Motor Truck Cargo – Archive

December, 1998

American Association of Insurance Services

Summary: When transporting cargo, a trucker may be held responsible for damage to the cargo as either a “common carrier” under the terms of a bill of lading and Department of Transportation (DOT) requirements; or as a “contract carrier” under the terms of a contract with the shipper. In order to protect him/herself for such liability, a trucker purchases motor truck cargo insurance (MTC).

American Association of Insurance Services (AAIS) offers the standard form for MTC. AAIS has three separate forms: Motor Truck Cargo Liability Coverage (IM 7450); Motor Truck Cargo Liability Coverage—Scheduled Vehicle Form (IM 7451); and Motor Truck Cargo Liability Coverage—Named Perils Form (IM 7452). This treatment examines form IM 7450.

Underwriting and Rating—General Considerations

Motor truck cargo (MTC) liability insurance provides legal liability coverage for truckers (common or contract carriers), while they transport property of others (cargo). The applicant may be a trucking company that uses employee drivers or it may be an owner-operator arrangement.

Truckers may also purchase coverage for the property while it is located at scheduled terminals along the way. The insured is the trucker and the covered property is the property of others that is being transported by the insured. The trucker may be held liable for cargo under the terms of a bill of lading (common carrier) or a contract with the shipper (contract carrier).

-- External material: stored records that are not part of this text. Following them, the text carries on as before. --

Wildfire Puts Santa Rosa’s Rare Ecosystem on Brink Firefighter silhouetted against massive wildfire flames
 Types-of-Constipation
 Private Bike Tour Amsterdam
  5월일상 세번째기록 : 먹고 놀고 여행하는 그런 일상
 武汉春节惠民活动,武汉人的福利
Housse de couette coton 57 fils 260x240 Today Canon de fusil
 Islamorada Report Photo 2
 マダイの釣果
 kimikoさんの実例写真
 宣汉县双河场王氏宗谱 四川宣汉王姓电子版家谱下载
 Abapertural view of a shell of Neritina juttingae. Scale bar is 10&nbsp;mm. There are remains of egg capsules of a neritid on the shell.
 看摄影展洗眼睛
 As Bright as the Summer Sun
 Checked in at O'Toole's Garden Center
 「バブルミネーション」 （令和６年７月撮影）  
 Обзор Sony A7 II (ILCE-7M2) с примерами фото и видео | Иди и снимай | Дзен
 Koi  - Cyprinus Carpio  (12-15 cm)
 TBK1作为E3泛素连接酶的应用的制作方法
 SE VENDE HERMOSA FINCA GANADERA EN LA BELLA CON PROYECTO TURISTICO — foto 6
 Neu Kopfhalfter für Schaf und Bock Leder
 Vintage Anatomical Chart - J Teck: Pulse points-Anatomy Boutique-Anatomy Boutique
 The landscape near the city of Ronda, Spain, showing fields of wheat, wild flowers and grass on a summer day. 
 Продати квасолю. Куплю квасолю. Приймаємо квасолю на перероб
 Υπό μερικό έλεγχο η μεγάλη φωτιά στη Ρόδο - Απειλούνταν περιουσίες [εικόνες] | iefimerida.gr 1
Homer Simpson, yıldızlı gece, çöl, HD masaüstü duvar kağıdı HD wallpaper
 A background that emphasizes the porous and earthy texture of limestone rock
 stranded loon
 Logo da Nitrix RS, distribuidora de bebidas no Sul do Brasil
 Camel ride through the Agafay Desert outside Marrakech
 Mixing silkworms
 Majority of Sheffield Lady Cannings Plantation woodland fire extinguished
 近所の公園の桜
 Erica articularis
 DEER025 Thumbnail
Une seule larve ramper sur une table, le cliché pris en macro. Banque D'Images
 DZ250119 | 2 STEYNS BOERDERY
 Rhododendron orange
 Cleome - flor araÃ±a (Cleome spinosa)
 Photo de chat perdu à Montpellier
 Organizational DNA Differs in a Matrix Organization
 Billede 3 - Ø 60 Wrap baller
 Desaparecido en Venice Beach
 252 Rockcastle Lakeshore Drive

When evaluating an MTC submission, the underwriter needs a certain minimum amount of information. The AAIS underwriting guide calls for the following information:

1.     What's being shipped?

2.     What are the average and maximum values per shipment?

3.     What are the annual gross receipts of the applicant?

4.     What is his/her radius of operations?

5.     What is the insured's financial condition?

6.     What is his/her past loss experience?

7.     General information on the physical condition and road-worthiness of the applicant's fleet.

8.     General information about the terminals where the insured may be stopping. Such information includes the terminals' location and the general COPE underwriting information for any property risk (construction, occupancy, protection, and exposure).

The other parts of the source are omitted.